Absage an Politik, aber Investitionen ins Hotel
Hubert Scheer lässt derzeit sein Sporthotel in Piberstein auf "Hochglanz" bringen und baut eine Panoramasauna mit Seeblick. Amtsmüde ist er nur, wenn man ihn auf eine weitere Kandidatur im Landtag anspricht.

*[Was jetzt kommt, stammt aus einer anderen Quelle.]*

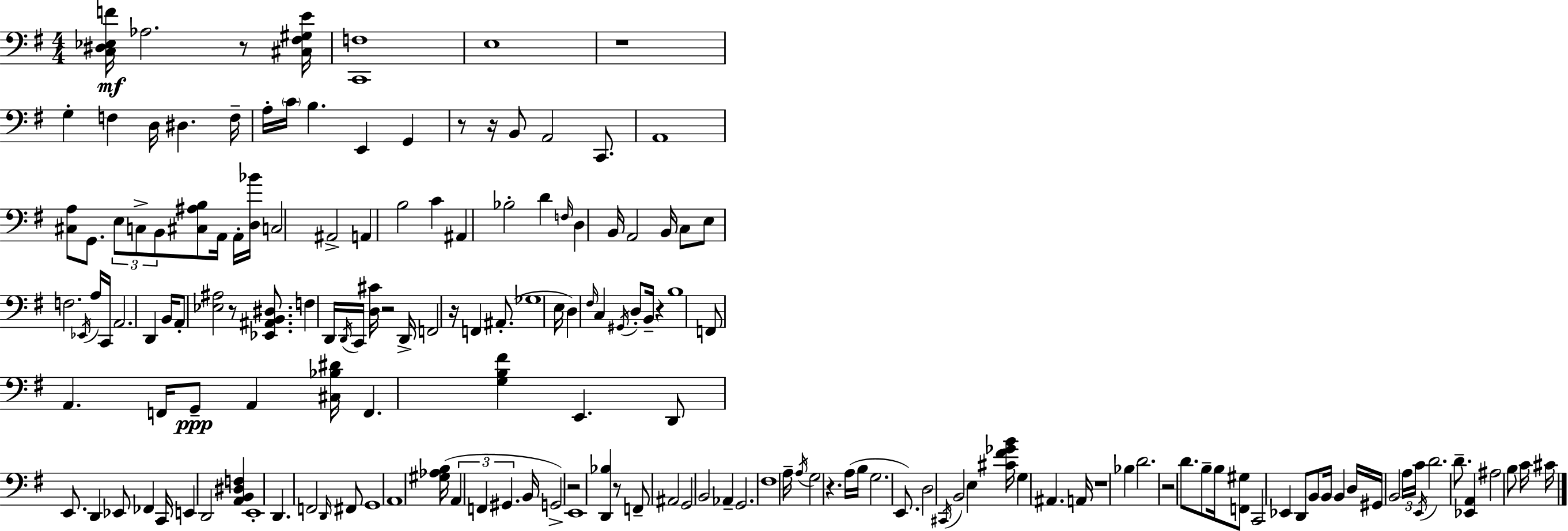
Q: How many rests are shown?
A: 13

Foto © KratzerHubert Scheer
Hubert Scheer von der Freizeitinsel Piberstein lässt sich derzeit nicht lumpen. Der ehemalige Bürgermeister von Maria Lankowitz, der seinerzeit von seinen eigenen SPÖ-Parteifreunden ins "politische Ausgedinge" geschickt worden war - kurz nachdem er mit der GKB handelseinig wurde und sich mit dem Tourismusbetrieb selbstständig gemacht hatte -, startet nach wirtschaftlich mageren Jahren neu durch. "Derzeit werden die Zimmer im Sporthotel vergrößert und die Einrichtung wird total erneuert - von den Nasszellen bis zu den TV-Geräten", schwärmt Scheer über künftigen Komfort im Fünf-Sterne-Bereich. Bisher standen den Gästen 50 Zimmer zur Verfügung, demnächst nur noch 38. "Wir haben auch schon mit den Bauarbeiten für eine neue Saunalandschaft mit Panoramablick auf den See begonnen", so Scheer. Erreichbar ist der Wellnessbereich über eine Glaskuppel über dem Wintergarten - und zwar direkt vom Hotel aus. "Das Areal mit einer riesigen Wärmekabine und Dampfsauna ist auch für die Tennisspieler benutzbar", meint Scheer und begründet, warum er so vieles "runderneuert": "Wir möchten eine neue Gästeschicht ansprechen und verstärkt internationale Fußballcamps anbieten. Im Sommer kommt bereits mein Freund Werner Gregoritsch mit den Kapfenbergern auf Trainingslager." Zudem habe sich eine rumänische Mannschaft angesagt.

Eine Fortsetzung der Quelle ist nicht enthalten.